At the end of the song, everyone returns to their cars, life returns to normal and indeed nothing has changed – the couple who we know (because we’ve seen the trailers, the publicity, the TV interviews) are going to be the stars of this show have an annoyed altercation with each other: no one has come out of the fantastic moment any less isolated than they went in, but the alternative mode of existence possible in this narrative has been very clearly established.

To some extent, the rest of the film proceeds by exploring the balancing act between the Utopian and the real, with the real increasingly winning through toward the end of the film: the lovers want Utopia, but it cannot be sustained and in the end they part – we see the moment before the decision is made and then cut several years to the end of the film, the point where Mia is now a star and Sebastian has his jazz club, but they have not seen each other in the intervening time.

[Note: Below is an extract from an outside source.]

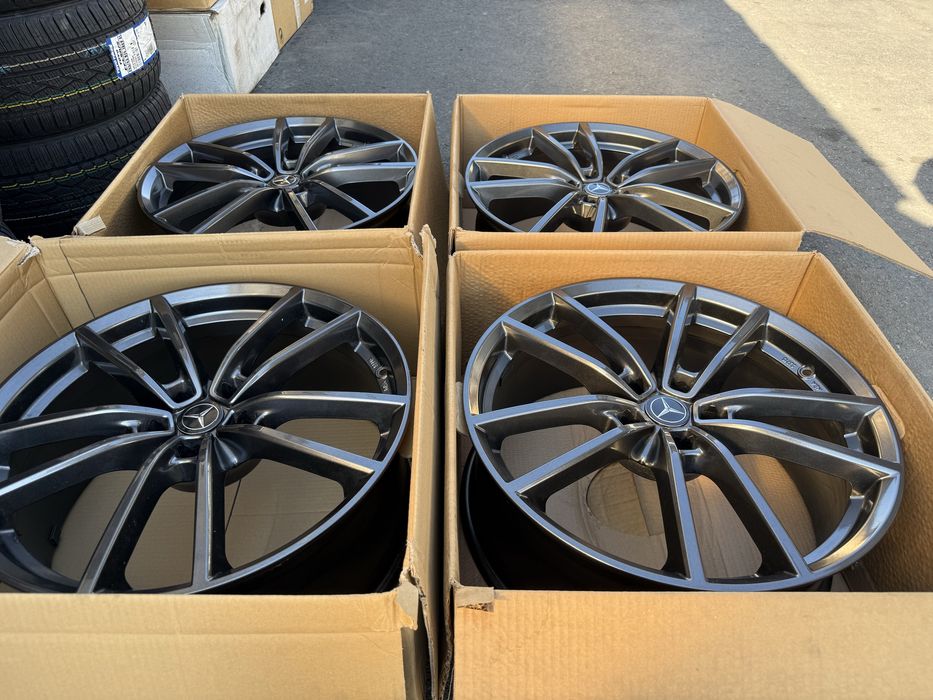Jante aliaj MERCEDES GLA GLB GLC - 5x112 R20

And here, the film closes the frame with a second fantastic sequence in which the entire film is replayed as a music and dance sequence in which the purely Utopian version of the story (very An American in Paris) is played out before our eyes from their first encounter to the happy ending where they are married and have a child; every real-life decision and event which conspired to pull them apart is reworked with the happier outcome to produce the ending the musical should have had. And we are seduced, because that is what we want from musicals – we want happy endings. I sat there in the cinema, and started crying in this sequence because I knew it wasn’t true, and that knowledge kind of broke my heart because I really wanted them to get the happy ending a musical should have given them. And although, as I have said, I liked rather than loved this film, I cannot help but respect what it did in taking the genre of the musical, understanding what a Hollywood film musical is to its very core, and then denying us the ultimate Utopian pleasure that we want from it, reminding us that life just isn’t like that. I shall go and have a little weep now.